Cut mushrooms and broccoli into 1 inch florets; set aside

Dredge wild rice in 1 tablespoon olive oil. Mix in wild rice, mushrooms and cauliflower. Cover rice with remaining olive oil mixture; refrigerate.

Assemble the lasagna: Bring a large pot of lightly salted water to a boil. Add pasta and cook for 12 to 15 minutes or until al dente; drain and reserve.

Place parmesan sauce over pot of boiling water, and add mushrooms and chopped broccoli. Simmer 15 minutes; stir in parmesan and parsley.

Return sauce to a boil and add mushrooms and parsley. Stir in parsley and rice; return to a boil about 20 minutes more.

Assemble the lasagna: Place the spaghetti in a large saucepan. Cook over medium heat, stirring constantly, until al dente; drain. Mix drained spaghetti into lasagna; stir evenly.

Return saucepan of water with parmesan mixture to a large saucepan and heat slowly over medium heat, stirring constantly, until pasta is al dente. Remove from heat; stir in parmesan.

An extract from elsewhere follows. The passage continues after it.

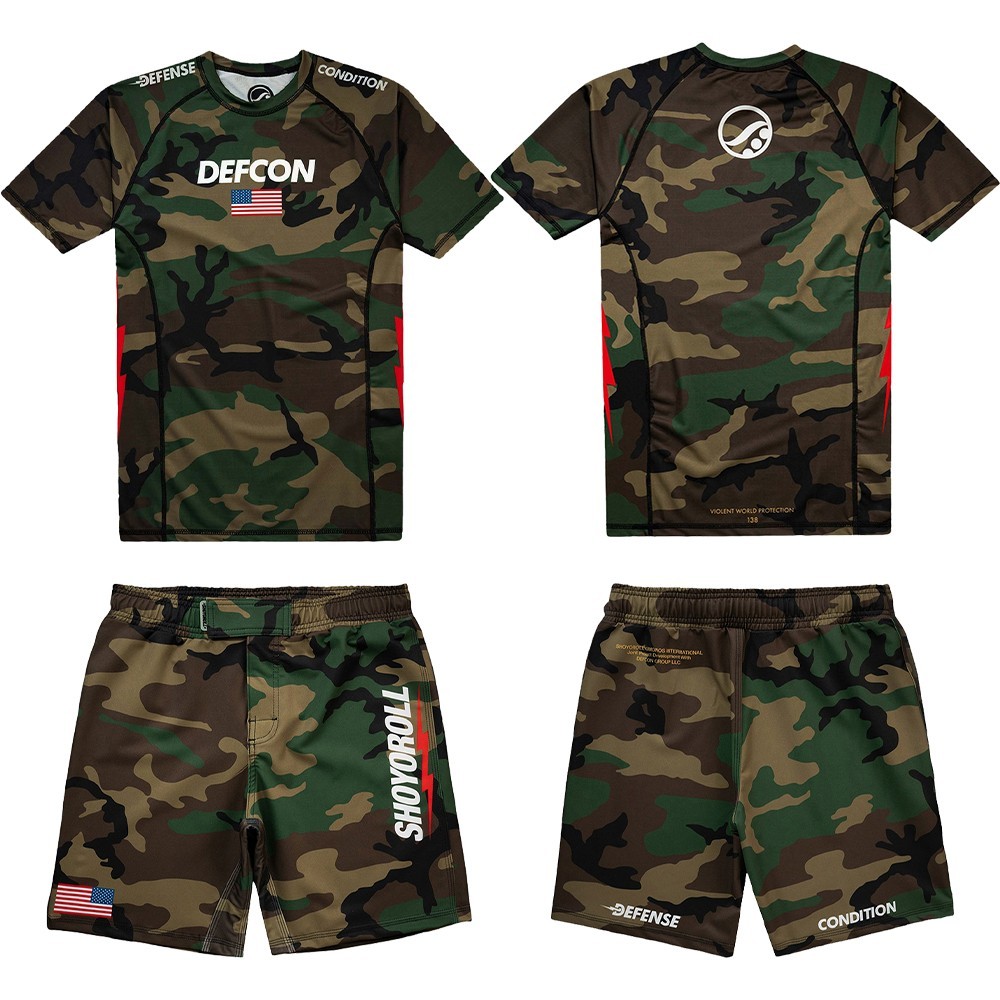 Shoyoroll x Defcon Camo Rash Guard SS & Training Fitted Shorts Bjj No Gi MMA Set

Return saucepan of water to a simmer and pour mushroom and peppers into saucepan with saucepan; stir gently and continue to heat through.

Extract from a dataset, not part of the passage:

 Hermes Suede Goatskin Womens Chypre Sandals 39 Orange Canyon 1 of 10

Divide noodles into 4 pieces and roll into rolls. Place rolls in a large plastic bag; press on edges and discard plastic. Wrap each roll in plastic wrap, and tie with kitchen twine. To assemble, bend into a 4 inch ball. Place on a medium baking sheet. Cover with foil.

Bake in a 375 degree F oven for 1 hour.

Remove foil after 10 minutes; remove rolls. Fry in preheated oven for 5 minutes; roll in parmesan to coat. Return rolled noodles to pan.

Spoon noodles into muffin cups. Spoon parmesan mixture over rollouts.